◆ REQUIRED ACTION ◆
Set out exactly, line by line, the stretch of data below that begins at the line containing "Gold Plated Tassel Minimalist Earring Dangle" and ends at the line containing "Onesie Monster - Blauw met gekleurde stippen", with both ends kept.

◆ SOURCE INFORMATION ◆
_ _ _ _

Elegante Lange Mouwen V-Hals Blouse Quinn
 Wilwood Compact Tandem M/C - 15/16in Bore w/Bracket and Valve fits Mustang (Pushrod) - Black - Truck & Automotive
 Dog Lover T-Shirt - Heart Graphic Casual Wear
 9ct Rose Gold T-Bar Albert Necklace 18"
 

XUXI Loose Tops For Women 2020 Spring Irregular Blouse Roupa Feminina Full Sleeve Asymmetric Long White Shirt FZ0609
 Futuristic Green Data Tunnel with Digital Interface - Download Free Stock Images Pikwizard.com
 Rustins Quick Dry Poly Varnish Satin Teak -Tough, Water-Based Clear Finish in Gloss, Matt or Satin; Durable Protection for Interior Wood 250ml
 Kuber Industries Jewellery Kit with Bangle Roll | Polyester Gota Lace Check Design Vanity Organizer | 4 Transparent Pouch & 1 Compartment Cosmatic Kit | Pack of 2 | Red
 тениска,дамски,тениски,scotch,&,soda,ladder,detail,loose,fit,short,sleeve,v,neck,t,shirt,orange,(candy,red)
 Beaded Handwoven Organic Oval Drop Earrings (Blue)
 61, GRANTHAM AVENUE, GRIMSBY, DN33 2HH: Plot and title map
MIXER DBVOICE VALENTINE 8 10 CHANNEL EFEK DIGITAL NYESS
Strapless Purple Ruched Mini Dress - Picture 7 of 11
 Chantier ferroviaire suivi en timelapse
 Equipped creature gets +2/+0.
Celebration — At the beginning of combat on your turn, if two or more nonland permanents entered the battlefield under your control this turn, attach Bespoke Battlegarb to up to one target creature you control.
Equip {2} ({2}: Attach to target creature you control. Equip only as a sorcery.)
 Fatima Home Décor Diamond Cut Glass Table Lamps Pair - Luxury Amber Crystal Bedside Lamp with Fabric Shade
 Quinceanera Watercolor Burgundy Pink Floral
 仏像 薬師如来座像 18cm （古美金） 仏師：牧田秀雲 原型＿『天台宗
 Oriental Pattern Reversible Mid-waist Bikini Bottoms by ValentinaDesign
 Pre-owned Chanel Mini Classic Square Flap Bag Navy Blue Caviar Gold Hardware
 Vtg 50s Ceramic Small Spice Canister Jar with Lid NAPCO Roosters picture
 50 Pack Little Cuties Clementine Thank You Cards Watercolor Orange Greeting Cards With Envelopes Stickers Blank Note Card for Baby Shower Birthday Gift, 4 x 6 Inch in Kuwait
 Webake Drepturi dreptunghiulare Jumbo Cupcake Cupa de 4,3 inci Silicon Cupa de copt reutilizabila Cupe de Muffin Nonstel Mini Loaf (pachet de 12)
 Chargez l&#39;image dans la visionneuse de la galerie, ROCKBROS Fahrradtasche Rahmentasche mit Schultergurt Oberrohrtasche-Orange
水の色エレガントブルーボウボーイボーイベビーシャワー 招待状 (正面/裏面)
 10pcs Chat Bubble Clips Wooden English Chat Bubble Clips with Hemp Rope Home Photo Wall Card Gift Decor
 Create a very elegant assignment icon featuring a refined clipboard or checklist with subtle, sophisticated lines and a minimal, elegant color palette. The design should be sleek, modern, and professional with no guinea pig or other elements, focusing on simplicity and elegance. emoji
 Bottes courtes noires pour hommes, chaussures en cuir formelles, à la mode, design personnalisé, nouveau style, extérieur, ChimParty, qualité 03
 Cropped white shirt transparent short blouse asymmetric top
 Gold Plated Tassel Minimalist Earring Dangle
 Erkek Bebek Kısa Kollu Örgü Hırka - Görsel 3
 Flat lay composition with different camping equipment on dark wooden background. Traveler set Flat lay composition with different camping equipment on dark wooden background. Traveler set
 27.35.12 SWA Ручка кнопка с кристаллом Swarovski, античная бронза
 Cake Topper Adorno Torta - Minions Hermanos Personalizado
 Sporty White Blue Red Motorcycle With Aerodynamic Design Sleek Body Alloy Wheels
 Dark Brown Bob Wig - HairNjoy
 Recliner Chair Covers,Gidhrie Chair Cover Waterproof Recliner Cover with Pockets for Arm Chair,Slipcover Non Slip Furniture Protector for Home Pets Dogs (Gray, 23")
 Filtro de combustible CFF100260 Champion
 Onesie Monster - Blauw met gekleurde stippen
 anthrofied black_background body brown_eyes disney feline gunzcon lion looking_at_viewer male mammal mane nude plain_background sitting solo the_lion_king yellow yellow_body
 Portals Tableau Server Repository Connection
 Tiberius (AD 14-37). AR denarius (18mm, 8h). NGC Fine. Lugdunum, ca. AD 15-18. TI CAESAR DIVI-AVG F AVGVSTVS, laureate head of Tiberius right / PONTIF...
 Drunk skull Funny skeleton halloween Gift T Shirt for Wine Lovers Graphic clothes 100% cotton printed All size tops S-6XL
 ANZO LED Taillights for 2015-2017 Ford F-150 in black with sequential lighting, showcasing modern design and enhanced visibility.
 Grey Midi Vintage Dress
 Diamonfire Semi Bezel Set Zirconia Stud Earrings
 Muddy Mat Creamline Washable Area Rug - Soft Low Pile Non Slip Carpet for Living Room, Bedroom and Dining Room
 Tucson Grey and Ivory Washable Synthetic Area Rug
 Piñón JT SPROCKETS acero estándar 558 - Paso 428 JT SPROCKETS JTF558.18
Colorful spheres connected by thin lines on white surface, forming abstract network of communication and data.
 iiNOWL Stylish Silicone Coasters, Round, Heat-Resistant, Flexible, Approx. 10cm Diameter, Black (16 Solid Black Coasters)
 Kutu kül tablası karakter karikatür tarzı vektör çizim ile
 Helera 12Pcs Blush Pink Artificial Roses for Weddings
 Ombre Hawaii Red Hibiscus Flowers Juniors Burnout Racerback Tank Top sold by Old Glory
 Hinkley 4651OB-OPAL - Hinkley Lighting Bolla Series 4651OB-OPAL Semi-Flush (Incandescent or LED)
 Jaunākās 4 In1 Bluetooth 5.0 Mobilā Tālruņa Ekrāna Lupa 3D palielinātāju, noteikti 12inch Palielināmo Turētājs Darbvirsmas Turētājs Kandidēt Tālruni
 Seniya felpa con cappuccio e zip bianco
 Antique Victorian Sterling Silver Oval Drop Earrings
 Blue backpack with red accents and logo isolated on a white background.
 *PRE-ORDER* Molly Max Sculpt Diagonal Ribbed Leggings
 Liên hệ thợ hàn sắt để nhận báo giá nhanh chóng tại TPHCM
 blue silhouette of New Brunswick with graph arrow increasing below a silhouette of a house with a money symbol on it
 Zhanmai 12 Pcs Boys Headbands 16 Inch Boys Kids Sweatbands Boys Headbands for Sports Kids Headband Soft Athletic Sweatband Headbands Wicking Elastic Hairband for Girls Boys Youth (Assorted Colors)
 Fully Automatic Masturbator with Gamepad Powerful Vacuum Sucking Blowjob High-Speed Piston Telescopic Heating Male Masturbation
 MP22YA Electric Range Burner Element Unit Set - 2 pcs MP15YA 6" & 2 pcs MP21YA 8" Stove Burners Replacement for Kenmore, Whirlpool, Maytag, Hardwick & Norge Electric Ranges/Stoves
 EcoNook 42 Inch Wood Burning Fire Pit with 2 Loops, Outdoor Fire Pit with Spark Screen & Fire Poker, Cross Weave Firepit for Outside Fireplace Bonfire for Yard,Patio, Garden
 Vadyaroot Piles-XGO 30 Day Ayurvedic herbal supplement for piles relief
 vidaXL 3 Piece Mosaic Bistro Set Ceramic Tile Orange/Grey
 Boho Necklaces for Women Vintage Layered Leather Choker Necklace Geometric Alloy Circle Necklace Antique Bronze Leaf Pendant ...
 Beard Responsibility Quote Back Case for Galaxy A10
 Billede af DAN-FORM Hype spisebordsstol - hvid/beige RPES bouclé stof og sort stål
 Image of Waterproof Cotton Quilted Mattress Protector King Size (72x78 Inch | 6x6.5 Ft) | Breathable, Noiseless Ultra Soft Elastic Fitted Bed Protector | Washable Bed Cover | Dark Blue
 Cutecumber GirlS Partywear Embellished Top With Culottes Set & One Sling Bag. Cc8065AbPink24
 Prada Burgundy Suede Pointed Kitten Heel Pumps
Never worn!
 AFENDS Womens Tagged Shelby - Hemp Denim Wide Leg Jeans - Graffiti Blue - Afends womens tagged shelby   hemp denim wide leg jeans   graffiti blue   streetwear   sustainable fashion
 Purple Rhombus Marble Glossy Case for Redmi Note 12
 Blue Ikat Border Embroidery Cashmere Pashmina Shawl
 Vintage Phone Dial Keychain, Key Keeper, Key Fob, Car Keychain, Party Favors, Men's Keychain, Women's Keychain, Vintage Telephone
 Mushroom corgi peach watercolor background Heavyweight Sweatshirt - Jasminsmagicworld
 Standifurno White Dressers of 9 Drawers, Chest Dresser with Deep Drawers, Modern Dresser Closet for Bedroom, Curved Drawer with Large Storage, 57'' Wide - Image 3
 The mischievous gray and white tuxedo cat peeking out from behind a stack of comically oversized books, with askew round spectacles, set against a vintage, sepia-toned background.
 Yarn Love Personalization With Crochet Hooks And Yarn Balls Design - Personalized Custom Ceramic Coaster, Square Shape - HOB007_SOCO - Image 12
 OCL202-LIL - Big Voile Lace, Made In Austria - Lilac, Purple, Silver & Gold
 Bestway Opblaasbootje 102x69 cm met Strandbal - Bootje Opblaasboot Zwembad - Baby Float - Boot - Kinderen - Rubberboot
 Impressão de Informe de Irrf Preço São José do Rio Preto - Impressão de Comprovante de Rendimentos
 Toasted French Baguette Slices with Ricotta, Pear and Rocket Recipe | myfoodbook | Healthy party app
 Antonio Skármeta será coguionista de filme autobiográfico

_ _ _ _

◆ ANSWER SECTION ◆
 Gold Plated Tassel Minimalist Earring Dangle
 Erkek Bebek Kısa Kollu Örgü Hırka - Görsel 3
 Flat lay composition with different camping equipment on dark wooden background. Traveler set Flat lay composition with different camping equipment on dark wooden background. Traveler set
 27.35.12 SWA Ручка кнопка с кристаллом Swarovski, античная бронза
 Cake Topper Adorno Torta - Minions Hermanos Personalizado
 Sporty White Blue Red Motorcycle With Aerodynamic Design Sleek Body Alloy Wheels
 Dark Brown Bob Wig - HairNjoy
 Recliner Chair Covers,Gidhrie Chair Cover Waterproof Recliner Cover with Pockets for Arm Chair,Slipcover Non Slip Furniture Protector for Home Pets Dogs (Gray, 23")
 Filtro de combustible CFF100260 Champion
 Onesie Monster - Blauw met gekleurde stippen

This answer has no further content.